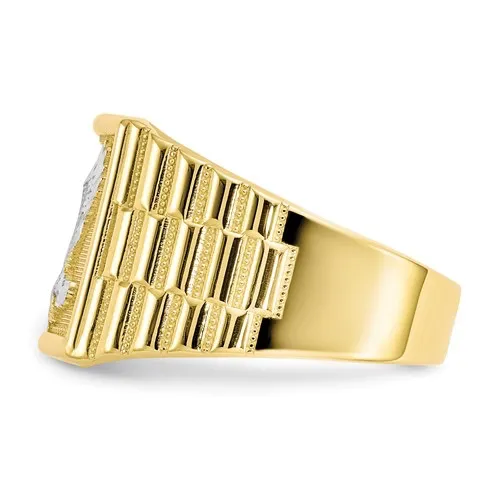 10K Yellow and White Gold Men's Eagle Ring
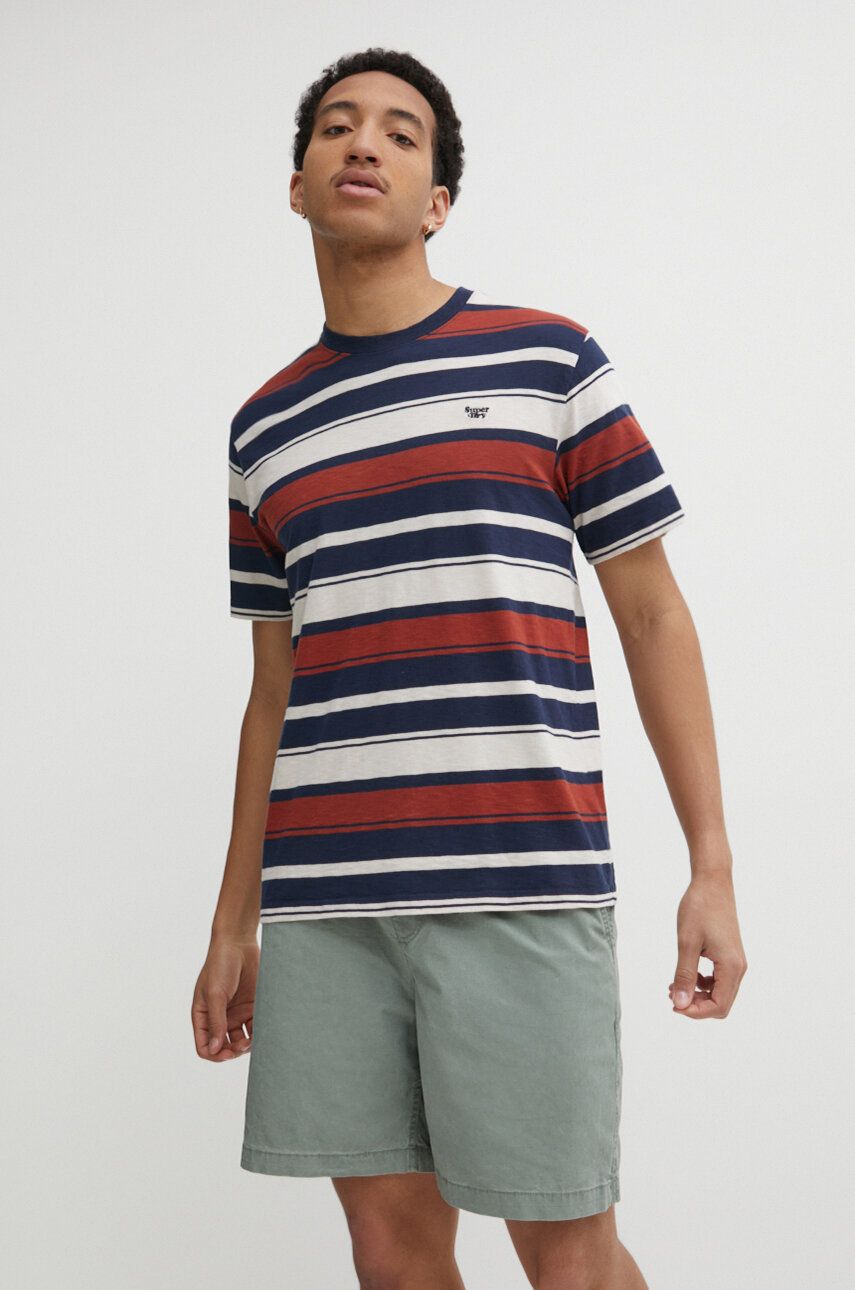 Superdry tricou din bumbac barbati, culoarea albastru marin, modelator Superdry tricou din bumbac barbati, culoarea albastru marin, modelator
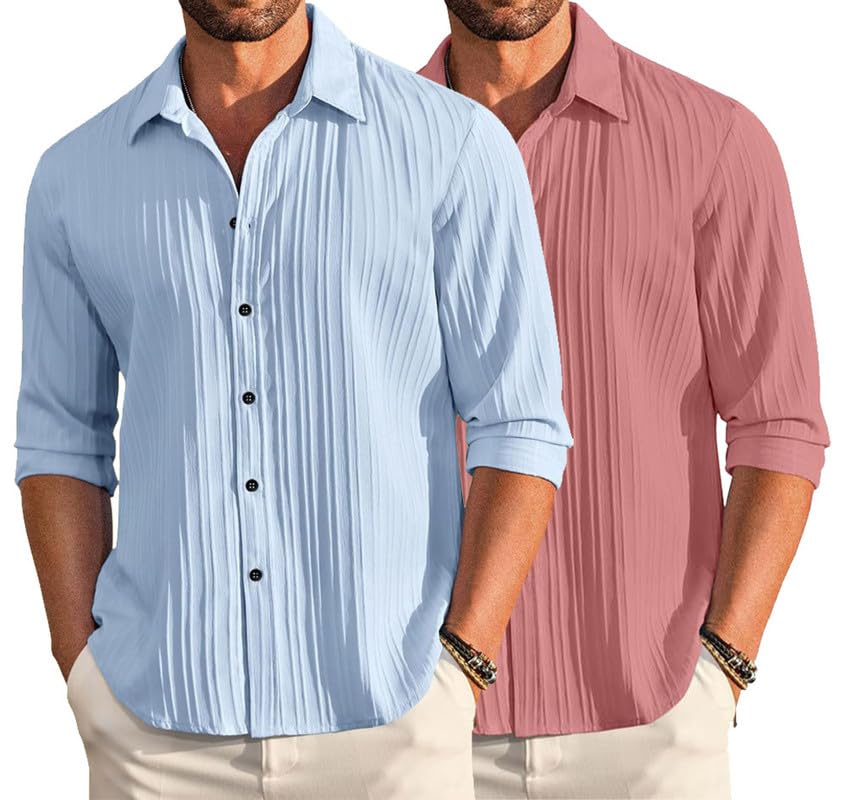 Deelmo Combo Of MenS Casual Button Down Shirts Long Sleeve Linen Shirt Fashion Textured Summer Shirts Pack Of 2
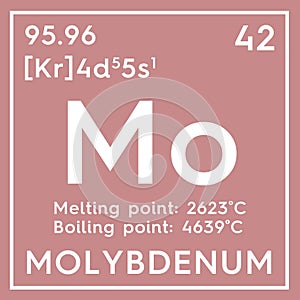 Molybdenum. Transition metals. Chemical Element of Mendeleev\'s Periodic Table.. 3D illustration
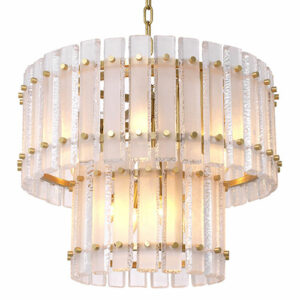 2 Tiered designer Chandelier Blason by Eichholtz. antique brass finish with frosted glass plates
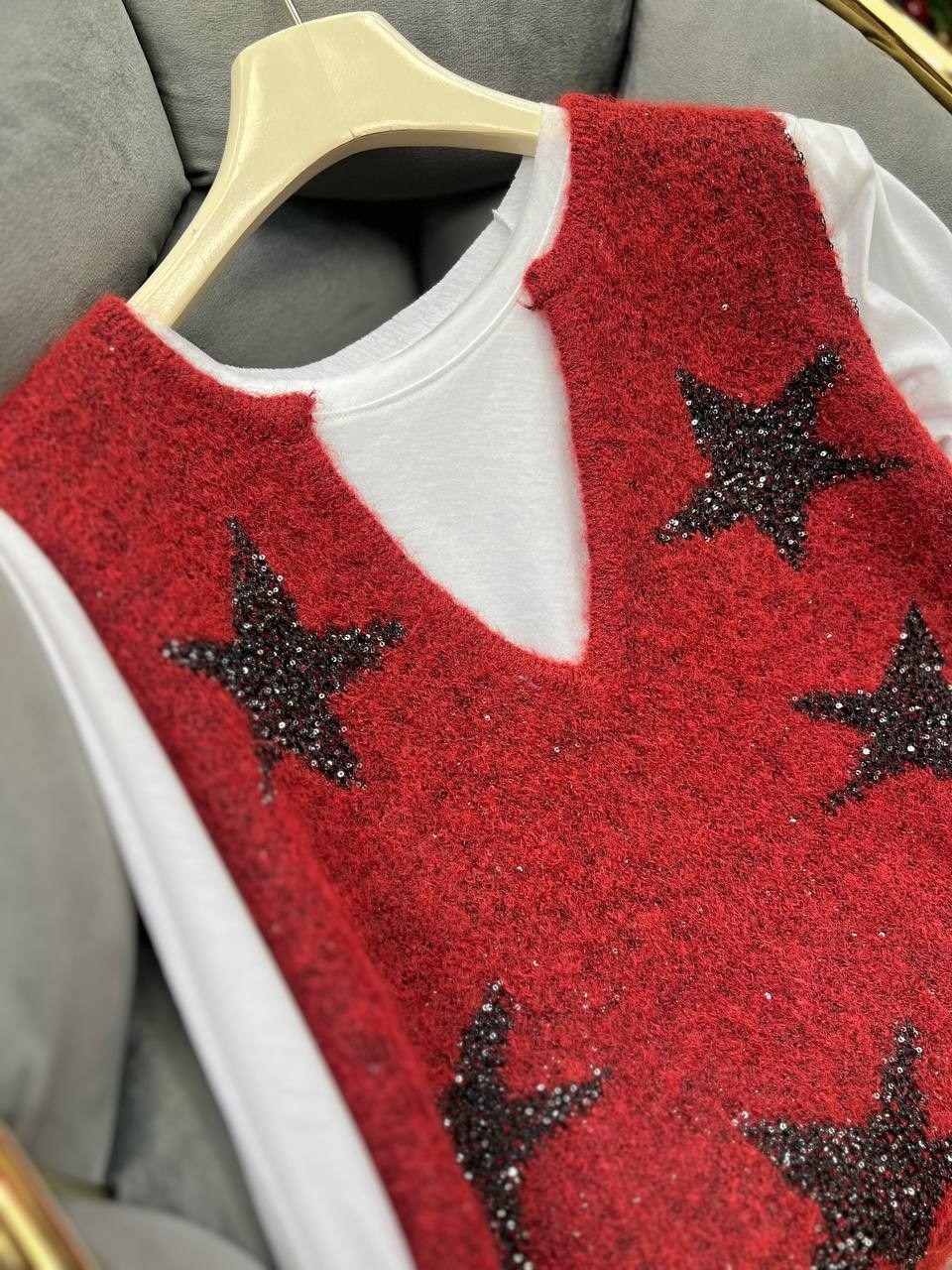 вязаный жилет,джемпер со звездами,трикотажный жилет,свитер жилет,свитер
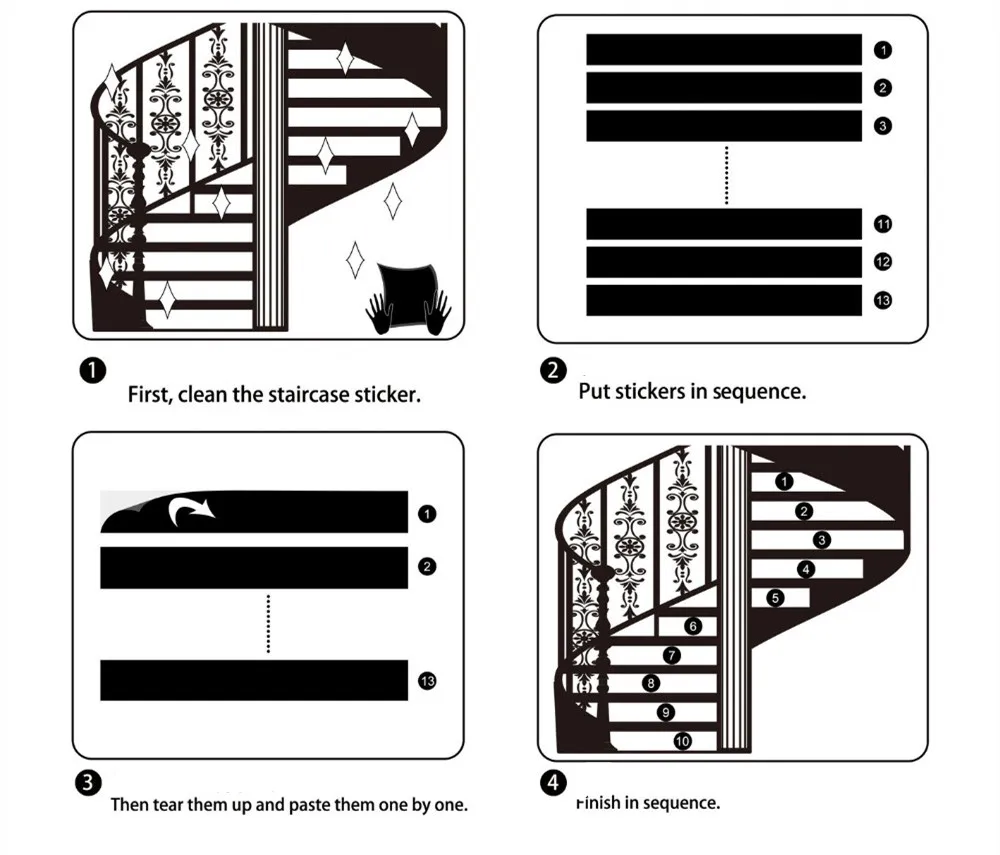 13 шт./компл. DIY 3D наклейки на ступеньки Пол шаг наклейка для лестницы плакат ПВХ водонепроницаемый самоклеющиеся настенные наклейки лестница стикер s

------------

WHAT IS EXPECTED:
Your answer must be an exact copy of the listing, with every picture omitted.

COMPLETED EXERCISE:
 10K Yellow and White Gold Men's Eagle Ring
 Superdry tricou din bumbac barbati, culoarea albastru marin, modelator Superdry tricou din bumbac barbati, culoarea albastru marin, modelator
 Deelmo Combo Of MenS Casual Button Down Shirts Long Sleeve Linen Shirt Fashion Textured Summer Shirts Pack Of 2
 Molybdenum. Transition metals. Chemical Element of Mendeleev\'s Periodic Table.. 3D illustration
 2 Tiered designer Chandelier Blason by Eichholtz. antique brass finish with frosted glass plates
 вязаный жилет,джемпер со звездами,трикотажный жилет,свитер жилет,свитер
 13 шт./компл. DIY 3D наклейки на ступеньки Пол шаг наклейка для лестницы плакат ПВХ водонепроницаемый самоклеющиеся настенные наклейки лестница стикер s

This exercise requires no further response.